Hacker Newsnew | past | comments | ask | show | jobs | submitlogin

Unfortunately, having this kind of function doesn't fix the real problem, which is those certain kinds of programmers who won't let a single machine cycle be wasted.

Here's just a completely random example from the Linux kernel: https://lkml.org/lkml/2014/8/19/194

    > You are implying that such an overflow could arise in this code.
    > This is false.
    [...]
    > bNumEndpoints is an unsigned 8-bit integer.
So instead of changing the code code to be obviously correct (wrt. multiplication overflow), we'll instead keep the old code whose correctness becomes clear only after the programmer has looked up the types of variables involved.

This mindset is exactly why vulnerabilities in C code are still common. It really needs to stop.




One of the main criticisms I hear about OpenBSD is that it's performance isn't as good as Linux. I've looked at a couple articles quoting benchmark comparisons, so I'll assume for the sake of argument that it's true.

The thing is that I don't care. I'm still an OpenBSD advocate and run it whenever I get the chance. I don't actually care about performance at that level. What matters more to me is consistency, and good man pages.

I imagine more people are like me, but the thing about performance measurements is they're quantifiable. They can be easily measured. We all probably over optimize to some degree, whether we're C developers or not.

There's just something satisfying about getting a quantifiably better score. This is why we get code that sacrifices almost everything for runtime speed.


The slowness isn't a generally impacted much by stuff like this. It's more things like OpenBSD's poor multicore performance that are the issue. Just compare the performance of FreeBSD's multithreaded PF to OpenBSD's singlethreaded PF. Still, none of this matters, because there's one major guarantee that the OpenBSD devs try to fulfil: correctness.


I suppose there are probably large groups of people who care about multicore performance on the metal, but my dominant use case is herds of single core VMs, each doing one thing (well!). In this case, host CPU and memory consumption matter, and OpenBSD is very hard to beat in this metric. My OpenBSD VMs normally consume 1/4 of the CPU time and run happily in half the RAM as my FreeBSD, Linux and Windows VMs. I don't know if there is a significant performance difference on a single CPU, but I certainly don't have any complaints about performance.


The thing is, the "slowness" in question is different every time someone wants to talk about it. Because people don't benchmark it, don't actually know what is slower and by how much, and just go on the "common knowledge" that openbsd is slow. The openbsd is slow meme was going strong in the 1990s, when it didn't support SMP at all and 99% of the people talking about it were using a single CPU.


It's different because the slowness is across the board.

FreeBSD and, especially, Linux have optimizations all over the place.
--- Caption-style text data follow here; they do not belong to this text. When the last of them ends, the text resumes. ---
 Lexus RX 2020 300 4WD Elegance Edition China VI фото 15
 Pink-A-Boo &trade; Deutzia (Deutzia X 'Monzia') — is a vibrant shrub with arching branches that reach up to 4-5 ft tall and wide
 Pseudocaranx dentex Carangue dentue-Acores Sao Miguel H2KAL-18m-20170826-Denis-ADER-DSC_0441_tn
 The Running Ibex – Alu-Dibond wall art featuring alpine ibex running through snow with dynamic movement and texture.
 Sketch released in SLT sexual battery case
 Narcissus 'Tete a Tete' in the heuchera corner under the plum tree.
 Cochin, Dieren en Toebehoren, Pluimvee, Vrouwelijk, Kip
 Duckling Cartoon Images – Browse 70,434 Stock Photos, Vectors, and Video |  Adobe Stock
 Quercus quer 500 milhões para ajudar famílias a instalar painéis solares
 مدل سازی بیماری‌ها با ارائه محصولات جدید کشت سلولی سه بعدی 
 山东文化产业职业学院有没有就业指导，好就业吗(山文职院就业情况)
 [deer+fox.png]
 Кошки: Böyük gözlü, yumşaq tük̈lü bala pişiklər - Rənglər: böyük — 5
A call to time(2) or gettimeofday(2) is hundreds of times faster in Linux than on OpenBSD. In most scenarios the difference doesn't matter. But it does matter in, e.g., an asynchronous network service with lots of events with timeouts being constantly registered.

I prefer OpenBSD, and I like that they focus on correctness, bugs, and more high-level features. I run all my personal services on OpenBSD. But commercially and at scale I run Linux, and treat each box as a throw-away in terms of security.


>A call to time(2) or gettimeofday(2) is hundreds of times faster in Linux than on OpenBSD

Got a link to those benchmarks? Did anyone file a bug report?

>But commercially and at scale I run Linux

Wouldn't netbsd be a better option?


I doubt it's a bug. That sounds like the overhead of a syscall vs. a memory-mapped page.


How does that make it not a bug? They've repeatedly responded to the "openbsd is slow" meme by pointing out that they do not have the time to benchmark anything, and if people do find slow things they should submit bug reports so they can be fixed. Nobody has ever submitted such a bug report.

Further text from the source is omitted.